60 - "Bataille de Verdun" -Avocourt - Distractions et partage de pain avec un boche et quelques aventures...

  Dans un tournant de la tranchée, sur le dessus du parapet, l'on avait placé du treillage à lapins pour éviter aux grenades de tomber dans ce coin assez rapproché des boches.

  Un jour un Lieutenant qui venait de rentrer de permission me prêta des magazines ("Lectures pour tous" et "Je sais tout"). Je reste là une bonne heure si ce n'est plus et une fois ma lecture terminée je fais un tour dans les autres tranchées des compagnies voisines et reviens auprès du commandant.
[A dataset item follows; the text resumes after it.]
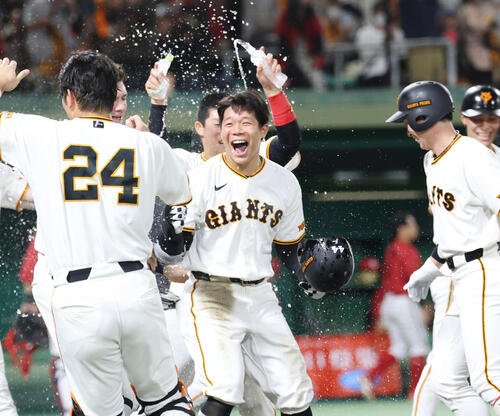巨人対広島　9回裏巨人無死一塁、サヨナラ2点本塁打を放ちナインに出迎えられ笑顔を見せる佐々木俊輔(26年5月12日撮影)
A peine arrivé, un tir violent d'artillerie et de torpilles se fait de nouveau entendre avec beaucoup de précipitations. les mitrailleuses se mettent également de la partie - tout cela cesse un peu avant la nuit - Il y a de nouveau des morts et aussi de nombreux blessés. La Cie de Mitrailleuse a eu pour sa part quelques tués et parmi les blessés le Maréchal des Logis Philippe que j'ai remplacé plus tard dans ses fonctions. Il avait une blessure à la jambe. On parlait même de la lui couper. Des hommes de la 21° sont tués et le Lieutenant des "Lectures pour tous" était parmi les blessés. Les tranchées étaient un peu en mauvais état après ce bombardement. Je n'ose pas dire ce que l'on a ramassé le lendemain matin à peu de distance de là.

  Le 14 juillet, je vais faire un tour du côté de chez Carné, je rencontre le Maréchal des Logis d'Artillerie détaché auprès de notre Bataillon. (photo ci-contre faite par Carné). Je vais de nouveau essayer de faire une photo des boches, mais ce n'est pas facile ni très prudent, ne sachant pas toujours à qui l'on a affaire! Il ne s'agit pas seulement d'exposer son appareil aux balles ennemies, mais il faut le tenir et viser dans l'objectif qui est au-dessus de l'appareil, donc sortir le buste au-dessus de la tranchée. Une fois de plus, je monte sur une banquette de tir pour prendre ma photo, mais auparavant j'avais inspecté le coin des boches (ils étaient à 40 mètres) au moyen d'un périscope. Voyant un boche remuer alors que je tenais mon Kodak à bout de bras pour le lui montrer, il sorti la tête. Je fais donc comme lui je me montre et fais ma photo. Pendant que je mettais au point et que je faisais le déclenchement je me demandais si un autre boche n'était pas lui aussi occupé à mettre quelque chose au point qui n'aurait pas été un Kodak, mais un Mauser! il aurait eu tout le temps voulu pour m'exterminer.

DSCN9580

  Peu après à titre d'expérience et de curiosité, nous fîmes la même manoeuvre, mais au lieu de montrer un appareil photo nous montrons une demie boule de pain. Cette fois le boche se montre jusqu'à la ceinture - nous savions qu'ils n'avaient pas toujours abondance de nourriture ni de pain blanc-.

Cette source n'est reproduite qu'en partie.